▸ Problem statement
Exclude the pictures and repeat all of the data exactly.

▸ Given material
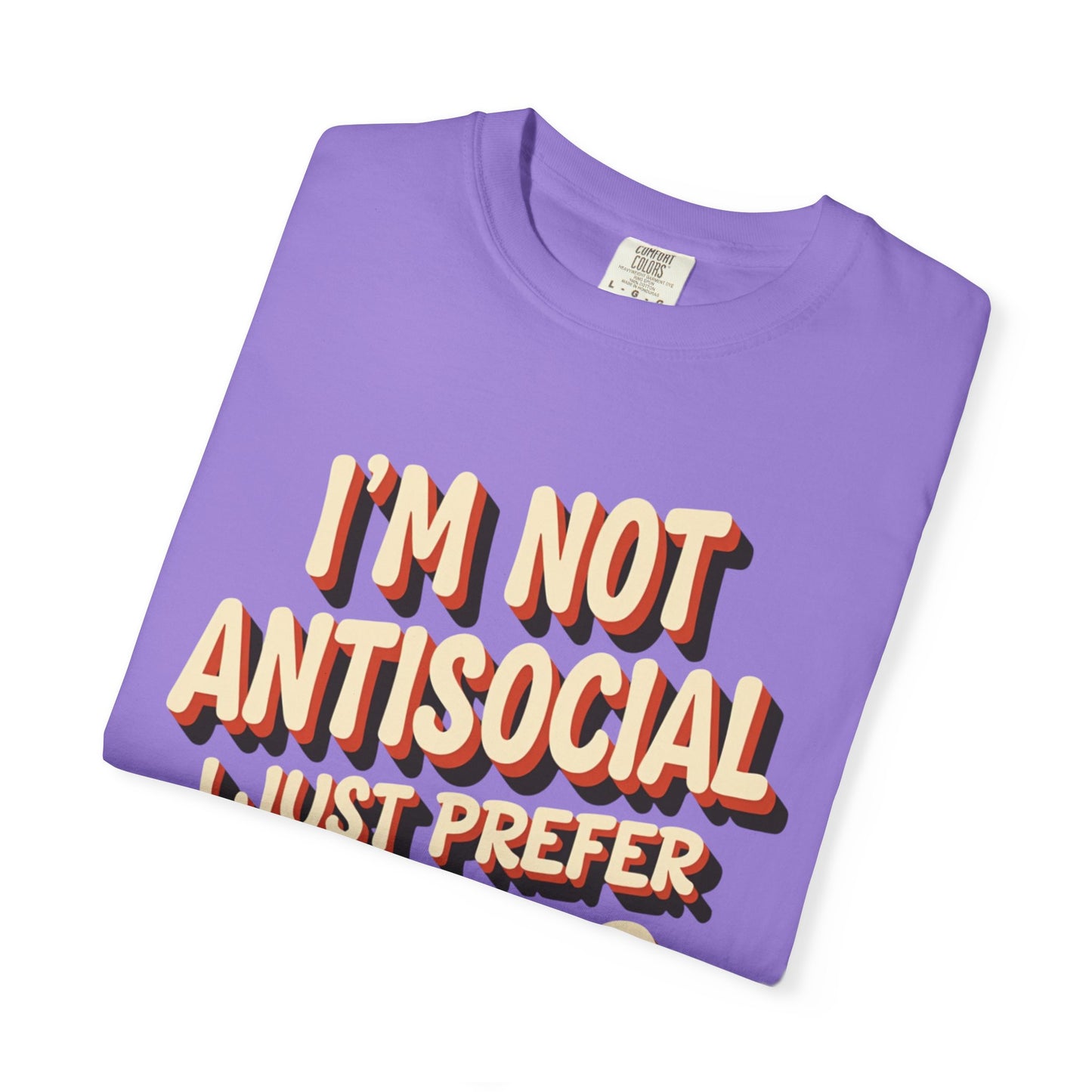 I'm Not Antisocial, I Just Prefer Drugs, unisex social experiment tee - Psychonaut Swag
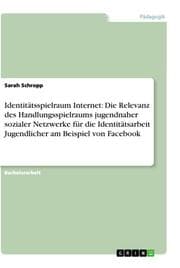 Cover von Identitätsspielraum Internet: Die Relevanz des Handlungsspielraums jugendnaher sozialer Netzwerke für die Identitätsarbeit Jugendlicher am Beispiel von Facebook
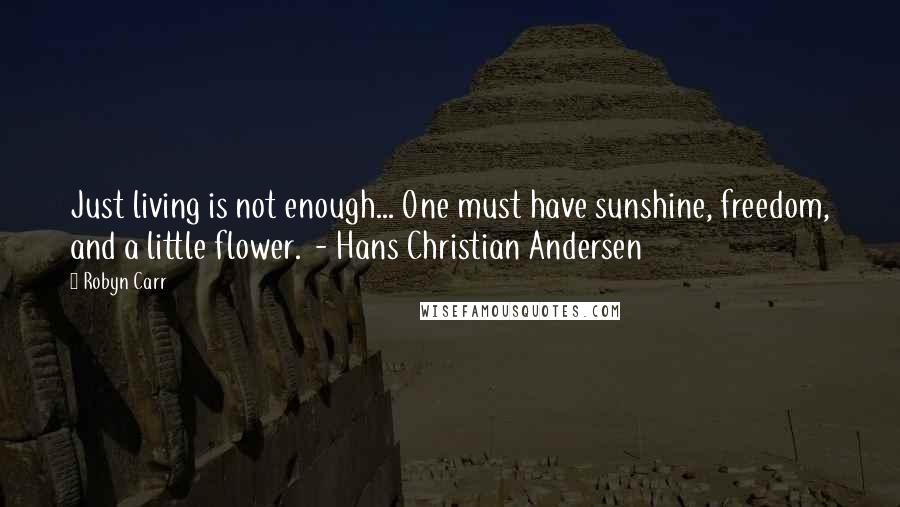 Robyn Carr Quotes: Just living is not enough... One must have sunshine, freedom, and a little flower.  - Hans Christian Andersen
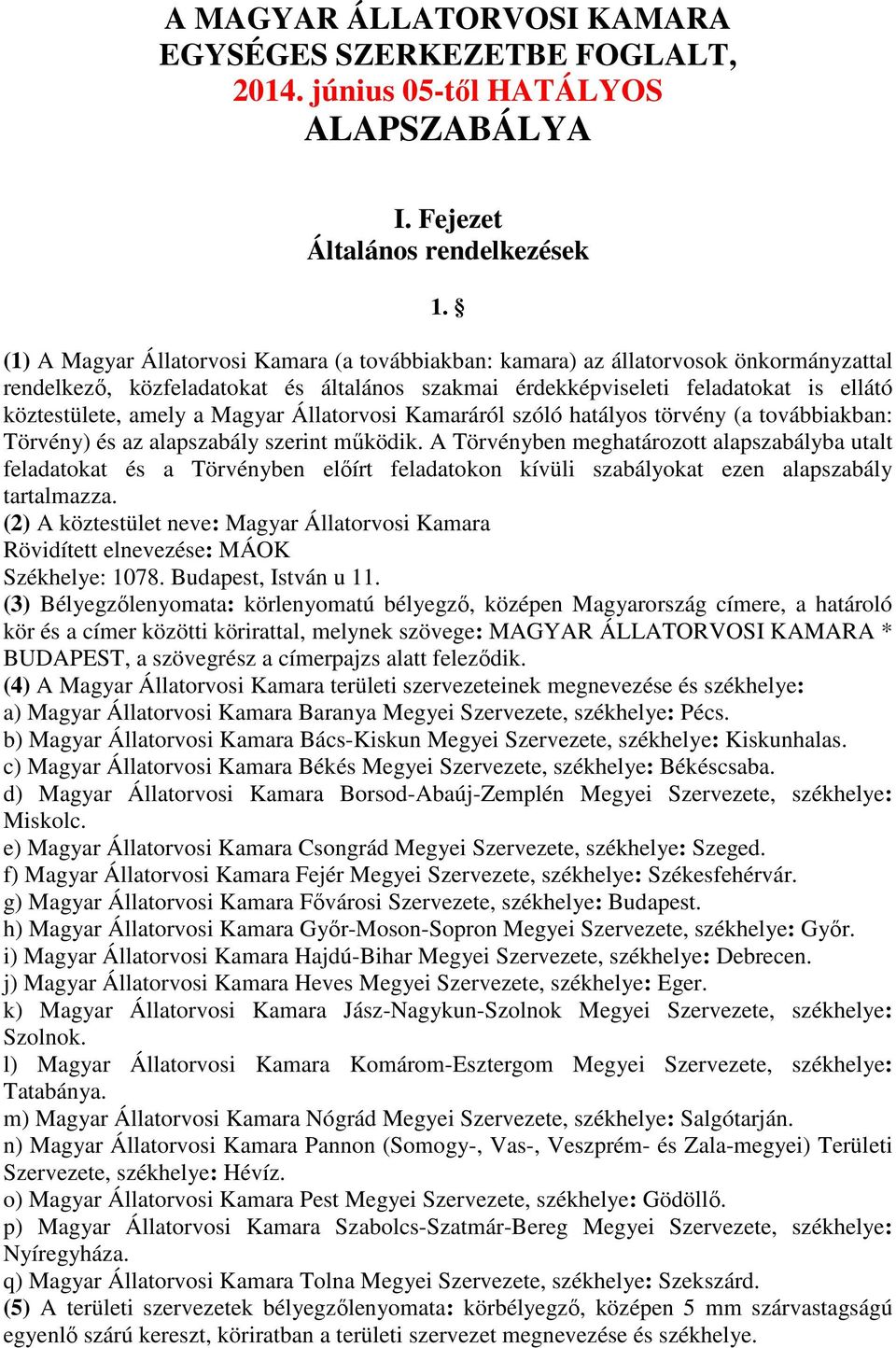 Magyar Állatorvosi Kamaráról szóló hatályos törvény (a továbbiakban: Törvény) és az alapszabály szerint működik.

▸ Response below
 I'm Not Antisocial, I Just Prefer Drugs, unisex social experiment tee - Psychonaut Swag
 Cover von Identitätsspielraum Internet: Die Relevanz des Handlungsspielraums jugendnaher sozialer Netzwerke für die Identitätsarbeit Jugendlicher am Beispiel von Facebook
 Robyn Carr Quotes: Just living is not enough... One must have sunshine, freedom, and a little flower.  - Hans Christian Andersen
 Magyar Állatorvosi Kamaráról szóló hatályos törvény (a továbbiakban: Törvény) és az alapszabály szerint működik.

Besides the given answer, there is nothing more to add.